Lloyd, Rosemary. Mallarmé: The Poet and his Circle. Ithaca and London: Cornell UP, 1999. Pp. 258. ISBN 0-8014-3662-1

If our icy and altitudinous Mallarmé has been "terrassé" for some time now by critical readings attentive to social, political, cultural, or other more frivolous aspects of his performances, Rosemary Lloyd's Mallarmé: The Poet and his Circle extends further the arena of his earthy interactions into unexplored territories of occasion and friendship. Lloyd proceeds quite pointedly from Mallarmé's own admonition that poets work collectively or in community on a single book by exploring the "epistolary bridging of minds" (48) so central to his thinking and development over the years. As Lloyd explains, "Mallarmé's aesthetics . . . as a reading of these letters reveals, are frequently the outcome not just of the master thinking alone in a closed room but of a continuing debate that is in part a debate among friends discussing central questions in private letters or small groups, and in part that of a much broader intellectual social context" (35). To flesh out the contours of these private and public debates, The Poet and his Circle features an intense scrutiny of Mallarmé's ongoing correspondence with others - friends whose discussions shed new light on the corpus - and it pays special attention to the poet's unique gift for reading and for understanding just what his contemporaries were attempting to accomplish. Ulti-mately, Lloyd's discussion presents the figure of a Mallarmé ever determined, in letters and elsewhere, "to control his life, and with it his posthumous image" (226), but one who was also tuned in generously to the literary, artistic, and intellectual concerns of his times.
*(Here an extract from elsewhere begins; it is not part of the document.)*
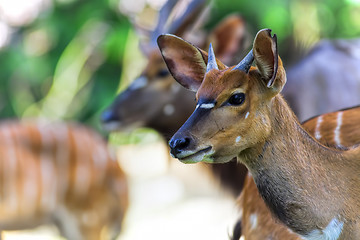 Image showing African Antelopes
Divided into four chapters separated by five interludes and framed by an introduction on "Corresponding" and a conclusion on "Remembering the Dead," Lloyd's book develops chronologically filling in periods traditionally cast as "barren" with a full agenda of plans representative of Mallarmé's continually evolving aesthetic and intellectual work. From the early correspondence of the sixties, in Chapter 1, we [End Page 410] learn that letters were the only forum for the poet's critical ideas and that they provide, therefore, Mallarmé's own "reader's tour of his verse" (43). Chapter 2 considers Mallarmé's activities and plans between 1871 and 1884 when his move to the capital thrust him into the worlds of vastly different writers: Léon Cladel and Léon Hennique, Huysmans, Zola and Anatole France, but also the Provençal poets, and the English writers, John Payne, Arthur O'Shaugnessy, Swinbourne, Sarah Helen Whitman, and Louise Chandler Moulton. This widening circle of correspondence indicates the degree to which Mallarmé was devoted to questions of genre, to problems of translation, and to the concept of "an international society of writers" (92) joined across the seas.

Focusing on considerations of other art forms, Chapter 3 paints Mallarmé at the very center of Parisian cultural life even as his " 'L'Après-midi d'un Faune' was at-tracting sneers from the Parisian press" (93). Lloyd reflects on his fascination with the contemporary painters Manet, Morisot (one of few women ever invited to the Mardis, she declined), Renoir, Whistler, Redon, Monet and Degas, and on the para-mount influence of the Lamoureux concerts. In addition to her adroit insinuation of issues shaping the poetry - Impressionism and pleinairisme, the unclassifiable in an age of maniacal classification, or a Wagnerisme newly tempered by the attitudes of Augusta Holmès and Judith Gautier - Lloyd invokes manifold logics of relationship that open poems for us in new ways. The poems appear lavishly in their entirety allowing sparks to fly back and forth from verse to letter. Their translations bear witness to a translator who, like Mallarmé himself, enters these works "through familiar doors and windows" (130). Projects undertaken if never brought to fruition also grace these pages and shape new directions for further study: drawings for the "ill-fated Tiroir du laque" (147...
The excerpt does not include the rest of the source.